На этот раз было ясно, что он попал в точку.
— Вы должны знать эту историю, — заметил он, — когда одна девушка меняется местами с другой в ночь после свадьбы, потому что она должна была быть новобрачной или потому что она боялась… боялась чего, леди Такетт?
Оливия одарила его сияющей улыбкой.
— Не лучше ли вам звать меня Оливией, Саймон Форман, раз уж мы перешли к обсуждению таким деликатных вопросов? Вы спрашиваете, чего я боялась? Я вам скажу. Что мой муж обнаружит, что я уже потеряла девственность. Теперь вы довольны?

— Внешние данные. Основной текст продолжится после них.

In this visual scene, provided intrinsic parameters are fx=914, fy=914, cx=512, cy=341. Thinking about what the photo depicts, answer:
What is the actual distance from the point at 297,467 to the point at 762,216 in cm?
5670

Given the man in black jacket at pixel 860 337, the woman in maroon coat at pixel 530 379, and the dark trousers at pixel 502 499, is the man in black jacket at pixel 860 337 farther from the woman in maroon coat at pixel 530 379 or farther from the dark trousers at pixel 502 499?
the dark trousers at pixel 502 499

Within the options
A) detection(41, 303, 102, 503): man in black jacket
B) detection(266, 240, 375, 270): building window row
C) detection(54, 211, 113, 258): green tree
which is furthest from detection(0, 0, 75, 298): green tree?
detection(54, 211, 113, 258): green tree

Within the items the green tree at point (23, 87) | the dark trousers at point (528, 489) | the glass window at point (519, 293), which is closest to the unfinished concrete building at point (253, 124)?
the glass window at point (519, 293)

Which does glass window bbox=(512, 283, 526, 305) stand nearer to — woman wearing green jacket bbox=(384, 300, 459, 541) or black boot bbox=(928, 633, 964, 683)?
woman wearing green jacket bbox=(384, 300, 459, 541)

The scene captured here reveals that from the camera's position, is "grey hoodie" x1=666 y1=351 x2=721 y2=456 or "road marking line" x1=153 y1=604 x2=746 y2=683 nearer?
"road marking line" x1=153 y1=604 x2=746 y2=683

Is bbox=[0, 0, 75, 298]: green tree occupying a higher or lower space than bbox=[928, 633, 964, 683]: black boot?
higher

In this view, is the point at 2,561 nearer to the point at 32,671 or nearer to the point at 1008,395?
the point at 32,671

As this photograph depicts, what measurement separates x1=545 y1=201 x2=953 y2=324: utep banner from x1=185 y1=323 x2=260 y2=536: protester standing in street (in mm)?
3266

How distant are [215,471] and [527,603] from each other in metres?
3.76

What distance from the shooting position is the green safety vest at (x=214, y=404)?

— И Элайза заняла ваше место? Это была сделка, верно? Сто гиней за ваше место в супружеской постели. — Он снова замолчал. — Ну, конечно! На этом не кончилось, так ведь? Она от него понесла. И тогда она потребовала еще денег? Угрожала вас выдать? Единственное, что не сходилось с остальными фактами, была ее беременность. Я чего только не передумал, даже предполагал возможность ее связи с вашим мужем, но ничто из этого не тянуло на убийство, на необходимость заставить ее замолчать раз и навсегда.
— Вы крайне изобретательны, Саймон, но сомневаюсь, что вам удастся что-либо доказать.
— Может быть, и нет, но если я опубликую эту историю за рубежом, может быть, найдутся люди, которые сочтут меня сумасшедшим, но будут и такие, причем немало, которые усомнятся. Старая поговорка «нет дыма без огня» все еще в силе. — Саймон чувствовал, что вино начинает на него действовать и его охватывает приятное возбуждение. Он немного удивился, ощутив, что его все еще мучает жажда, и оглянулся в поисках воды, но воды не было. — Элайза поймала вас в ловушку, Оливия. Она не только могла бесконечно вас доить, она могла в любой момент предать вас вашему мужу, рассказав, как его надули. Разумеется, вы могли возражать, выбросить горничную с позором на улицу, но было бы этого достаточно? Разве не заставил бы рассказ Элайзы усомниться не только вашего мужа, но и отца? И потому она должна была умереть, — торжествующе заключил он.